Not long after assuming operation of the club in January 1995,
new owners Larry Lucchino and John Moores organized fan focus
groups called "Tell It to the Padres." Says Lucchino: "One of
the things we heard from them is that they liked the Friar. We
like to think we're an organization that has big ears and
listens to our fans."
On the night of the Friar's announced return, Lucchino and
Moores were guests on a radio talk show at San Diego Jack Murphy
Stadium. During a commercial break a concerned fan in the
audience pulled aside one of the radio hosts and, aware that the
club switched its primary uniform color from brown to blue in
1991, said, "Tell me something: Is the Friar's robe blue or
brown?" Told the Friar would be outfitted in his traditional
brown, the relieved fan sighed, "Oh, good. Good."
The Padres owners are on a roll. Last season San Diego was 2 1/2
games out of first place as late as Labor Day weekend and, even
with a 12-15 fizzle thereafter, finished as the most-improved
team in the National League, having jumped from 47-70 in 1994 to
70-74 in '95. In 1996 the Padres have the potential to make
another leap forward, perhaps with a Cinderella ending this
time: They have a shot to be this year's feel-good, wild-card
entry in the National League playoffs (see Rockies, Colorado).
Primarily through trades and free-agent acquisitions the past
two winters, the Padres will start six players who are at least
31 years old--seven when Tewksbury, 35, is the starting pitcher.
It's a huge step in a new direction from former owner Tom
Werner's dollar-driven youth movement of 1993, which ended in
101 losses. The new owners are banking on veterans to make the
team a contender as quickly as possible while at the same time
creating a bridge to '98, when most of the team's best prospects
should be ready. San Diego opened camp with only one player,
six-time National League batting champion Tony Gwynn, who was on
the roster as recently as May 1993.
"This is my sixth year here," says San Diego batting coach Merv
Rettenmund, "and it's my first time going into spring training
with the feeling that we have a team that will compete for the
division title."
Lucchino and Moores have pushed so many buttons correctly that
when they signed off from their radio gig two weeks ago, the
audience of about 200 people gave them a standing ovation. Such
warmth for a baseball owner is about as rare in San Diego as a
snow shovel. After all, this is a city that endured Werner,
whose legacy was the desecration of the national anthem (by
guest "vocalist" Roseanne in 1990) and the dismantling of a
talented team on the rise (thanks to his cost-cutting player
moves). Current Padres players refer to Werner's 1993 purge that
included National League batting champion Gary Sheffield and
home run champ Fred McGriff the way Chicago historians do Mrs.
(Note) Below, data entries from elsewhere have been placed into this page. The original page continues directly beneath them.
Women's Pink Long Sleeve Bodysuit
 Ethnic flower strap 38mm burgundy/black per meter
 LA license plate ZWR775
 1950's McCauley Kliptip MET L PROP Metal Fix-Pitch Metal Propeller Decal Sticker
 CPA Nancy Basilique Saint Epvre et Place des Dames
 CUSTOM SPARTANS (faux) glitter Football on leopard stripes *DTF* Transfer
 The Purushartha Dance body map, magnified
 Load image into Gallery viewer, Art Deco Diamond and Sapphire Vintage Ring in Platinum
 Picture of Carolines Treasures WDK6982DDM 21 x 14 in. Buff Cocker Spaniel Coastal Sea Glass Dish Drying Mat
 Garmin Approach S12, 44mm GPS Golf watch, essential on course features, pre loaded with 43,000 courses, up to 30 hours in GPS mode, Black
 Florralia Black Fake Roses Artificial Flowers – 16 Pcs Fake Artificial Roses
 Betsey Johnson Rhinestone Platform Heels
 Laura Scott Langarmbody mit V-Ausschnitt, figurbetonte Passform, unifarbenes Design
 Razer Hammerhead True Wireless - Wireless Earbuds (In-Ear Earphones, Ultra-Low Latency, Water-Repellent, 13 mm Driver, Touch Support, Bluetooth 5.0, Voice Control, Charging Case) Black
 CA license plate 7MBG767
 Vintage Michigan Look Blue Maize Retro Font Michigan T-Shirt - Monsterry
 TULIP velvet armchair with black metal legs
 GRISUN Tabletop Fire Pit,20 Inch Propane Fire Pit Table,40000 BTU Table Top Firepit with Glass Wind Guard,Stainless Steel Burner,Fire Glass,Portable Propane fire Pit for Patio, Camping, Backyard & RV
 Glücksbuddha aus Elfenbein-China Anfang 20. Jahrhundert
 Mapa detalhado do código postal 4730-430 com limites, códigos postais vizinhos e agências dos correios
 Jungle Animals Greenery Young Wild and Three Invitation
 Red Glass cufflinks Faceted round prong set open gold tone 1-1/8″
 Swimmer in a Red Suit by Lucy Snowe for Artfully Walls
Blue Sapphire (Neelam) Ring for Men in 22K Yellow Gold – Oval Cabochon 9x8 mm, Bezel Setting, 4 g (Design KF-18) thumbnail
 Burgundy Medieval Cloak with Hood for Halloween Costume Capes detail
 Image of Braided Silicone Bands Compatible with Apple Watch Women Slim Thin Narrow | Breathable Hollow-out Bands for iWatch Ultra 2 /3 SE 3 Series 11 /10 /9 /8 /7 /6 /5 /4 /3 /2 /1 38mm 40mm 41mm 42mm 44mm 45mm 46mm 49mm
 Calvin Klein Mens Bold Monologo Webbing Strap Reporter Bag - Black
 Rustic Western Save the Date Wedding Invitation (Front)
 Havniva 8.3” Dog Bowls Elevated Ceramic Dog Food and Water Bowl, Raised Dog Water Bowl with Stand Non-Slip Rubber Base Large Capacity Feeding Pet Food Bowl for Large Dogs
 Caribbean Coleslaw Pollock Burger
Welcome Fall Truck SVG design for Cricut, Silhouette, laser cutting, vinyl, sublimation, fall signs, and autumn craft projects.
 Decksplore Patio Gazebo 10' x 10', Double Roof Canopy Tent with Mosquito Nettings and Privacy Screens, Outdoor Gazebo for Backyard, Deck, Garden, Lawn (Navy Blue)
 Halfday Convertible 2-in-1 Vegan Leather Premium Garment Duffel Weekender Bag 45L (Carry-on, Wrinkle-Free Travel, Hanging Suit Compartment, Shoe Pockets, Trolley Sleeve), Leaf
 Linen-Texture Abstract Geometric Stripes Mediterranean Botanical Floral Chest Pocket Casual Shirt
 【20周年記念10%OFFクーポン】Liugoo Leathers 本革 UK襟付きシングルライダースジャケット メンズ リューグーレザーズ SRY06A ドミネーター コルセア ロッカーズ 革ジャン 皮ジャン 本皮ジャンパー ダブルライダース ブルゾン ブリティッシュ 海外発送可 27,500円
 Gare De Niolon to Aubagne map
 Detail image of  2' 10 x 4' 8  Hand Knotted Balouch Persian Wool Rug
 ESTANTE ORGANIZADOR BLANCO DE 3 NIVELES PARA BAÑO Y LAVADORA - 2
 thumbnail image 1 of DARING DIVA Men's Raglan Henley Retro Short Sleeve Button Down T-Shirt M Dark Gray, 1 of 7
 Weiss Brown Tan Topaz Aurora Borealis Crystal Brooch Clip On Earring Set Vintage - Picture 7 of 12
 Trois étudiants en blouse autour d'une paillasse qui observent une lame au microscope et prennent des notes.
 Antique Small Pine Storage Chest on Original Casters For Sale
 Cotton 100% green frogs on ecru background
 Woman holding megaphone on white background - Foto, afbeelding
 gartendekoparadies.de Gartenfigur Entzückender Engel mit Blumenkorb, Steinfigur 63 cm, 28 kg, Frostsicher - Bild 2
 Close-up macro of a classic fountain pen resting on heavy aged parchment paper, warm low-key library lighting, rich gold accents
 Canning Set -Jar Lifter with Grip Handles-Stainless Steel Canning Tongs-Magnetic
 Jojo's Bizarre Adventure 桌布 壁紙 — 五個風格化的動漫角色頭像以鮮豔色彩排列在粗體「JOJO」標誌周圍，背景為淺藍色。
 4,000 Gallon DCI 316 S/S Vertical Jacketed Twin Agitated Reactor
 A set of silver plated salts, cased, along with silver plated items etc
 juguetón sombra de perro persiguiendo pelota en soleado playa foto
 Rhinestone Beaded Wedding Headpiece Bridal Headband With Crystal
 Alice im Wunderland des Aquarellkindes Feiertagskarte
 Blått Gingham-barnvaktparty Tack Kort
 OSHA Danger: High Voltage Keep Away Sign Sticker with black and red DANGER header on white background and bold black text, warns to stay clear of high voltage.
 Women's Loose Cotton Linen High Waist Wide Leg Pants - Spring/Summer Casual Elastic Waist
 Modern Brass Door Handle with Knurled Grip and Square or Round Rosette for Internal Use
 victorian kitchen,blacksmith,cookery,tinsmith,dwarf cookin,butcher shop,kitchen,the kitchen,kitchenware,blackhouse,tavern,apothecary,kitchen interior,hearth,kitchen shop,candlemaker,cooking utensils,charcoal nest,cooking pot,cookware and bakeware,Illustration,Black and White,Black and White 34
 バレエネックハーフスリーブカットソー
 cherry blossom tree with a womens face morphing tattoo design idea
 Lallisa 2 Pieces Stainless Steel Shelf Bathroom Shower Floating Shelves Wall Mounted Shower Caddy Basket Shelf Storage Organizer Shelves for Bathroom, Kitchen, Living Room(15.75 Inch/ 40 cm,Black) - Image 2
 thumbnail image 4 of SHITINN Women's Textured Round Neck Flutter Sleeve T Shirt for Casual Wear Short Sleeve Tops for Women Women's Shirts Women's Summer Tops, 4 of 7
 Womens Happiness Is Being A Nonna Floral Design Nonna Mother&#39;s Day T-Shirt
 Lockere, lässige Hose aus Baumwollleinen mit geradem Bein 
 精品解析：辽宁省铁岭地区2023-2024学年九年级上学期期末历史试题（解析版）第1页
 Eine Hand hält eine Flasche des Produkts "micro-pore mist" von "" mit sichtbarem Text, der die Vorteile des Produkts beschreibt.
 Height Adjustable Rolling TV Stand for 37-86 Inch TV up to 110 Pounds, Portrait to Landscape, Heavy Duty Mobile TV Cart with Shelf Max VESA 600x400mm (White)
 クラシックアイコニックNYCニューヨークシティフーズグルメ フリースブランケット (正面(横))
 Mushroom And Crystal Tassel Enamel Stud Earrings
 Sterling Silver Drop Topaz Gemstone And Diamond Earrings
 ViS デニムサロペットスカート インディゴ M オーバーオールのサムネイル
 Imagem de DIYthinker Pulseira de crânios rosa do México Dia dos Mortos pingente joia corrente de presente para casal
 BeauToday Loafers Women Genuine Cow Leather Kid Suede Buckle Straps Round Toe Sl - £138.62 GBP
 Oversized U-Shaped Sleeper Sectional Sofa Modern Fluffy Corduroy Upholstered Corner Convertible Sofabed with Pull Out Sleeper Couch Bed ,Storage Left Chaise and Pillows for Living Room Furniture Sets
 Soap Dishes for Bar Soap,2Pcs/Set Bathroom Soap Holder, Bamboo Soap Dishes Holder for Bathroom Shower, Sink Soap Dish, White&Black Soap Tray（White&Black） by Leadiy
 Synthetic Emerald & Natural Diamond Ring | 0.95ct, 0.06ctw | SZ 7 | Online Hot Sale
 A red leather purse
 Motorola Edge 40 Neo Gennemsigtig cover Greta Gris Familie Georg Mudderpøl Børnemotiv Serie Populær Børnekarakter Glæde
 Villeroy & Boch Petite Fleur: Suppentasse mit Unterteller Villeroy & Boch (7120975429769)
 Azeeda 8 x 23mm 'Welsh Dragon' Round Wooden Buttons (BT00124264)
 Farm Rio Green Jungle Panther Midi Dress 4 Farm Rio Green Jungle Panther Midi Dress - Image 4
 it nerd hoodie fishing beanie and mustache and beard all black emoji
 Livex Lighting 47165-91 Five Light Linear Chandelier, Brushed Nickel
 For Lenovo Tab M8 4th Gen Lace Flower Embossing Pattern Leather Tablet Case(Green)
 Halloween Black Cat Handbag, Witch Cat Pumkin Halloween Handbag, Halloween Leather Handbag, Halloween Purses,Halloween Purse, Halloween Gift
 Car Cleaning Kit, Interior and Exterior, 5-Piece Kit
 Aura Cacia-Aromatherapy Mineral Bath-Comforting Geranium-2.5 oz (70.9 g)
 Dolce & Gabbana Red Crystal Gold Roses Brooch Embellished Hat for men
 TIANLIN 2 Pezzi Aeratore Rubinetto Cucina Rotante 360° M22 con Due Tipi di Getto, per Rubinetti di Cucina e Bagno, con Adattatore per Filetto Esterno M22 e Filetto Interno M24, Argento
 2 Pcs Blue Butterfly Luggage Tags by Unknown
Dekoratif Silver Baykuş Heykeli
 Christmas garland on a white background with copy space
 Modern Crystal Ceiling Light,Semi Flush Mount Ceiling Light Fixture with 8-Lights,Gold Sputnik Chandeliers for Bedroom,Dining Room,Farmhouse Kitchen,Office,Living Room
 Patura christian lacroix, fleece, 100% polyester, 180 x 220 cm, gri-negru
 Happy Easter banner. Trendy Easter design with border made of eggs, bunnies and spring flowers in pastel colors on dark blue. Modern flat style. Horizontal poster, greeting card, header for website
O'Leary's cow. "The Fire Sale," says closer Trevor Hoffman, who
was obtained from the Florida Marlins in the Sheffield trade.
"People here still talk about it, and a lot of them still aren't
over it."
Now comes the Friar Sale. San Diego's marketing slogan is KEEP
THE FAITH. Lucchino likes to talk about overcoming "the triple
whammy" that awaited him in San Diego: the perception of the
Padres as penny-squeezing losers, the fallout from baseball's
ugly labor unrest and the recessionary economy of Southern
California. "Now," he says, "there's a definite upswing [with
this team], a very definite sense of optimism."
The owners began the turnaround by unofficially renaming the
club the New Padres last season, plastering the moniker all over
the Murph. There was truth in advertising. A 12-player trade
with the Houston Astros in December 1994, the biggest swap in
baseball in 37 years, provided three new starters: Centerfielder
Steve Finley, third baseman Ken Caminiti and shortstop Andujar
Cedeno. While Cedeno struggled, Finley (.297, 104 runs) and
Caminiti (.302, 26 home runs, 94 RBIs) had career years, then
both re-signed with San Diego for less than their expected
market value as free agents.
Righthanders Andy Ashby, 28, and Joey Hamilton, 25, who finished
with the third and fifth best ERAs in the league, respectively,
emerged as quality starting pitchers. The Padres fade down the
stretch, though, was largely the result of a staff depleted by
the July 31 trade of righthander Andy Benes (he was a perennial
underachiever, and San Diego got two good prospects in return)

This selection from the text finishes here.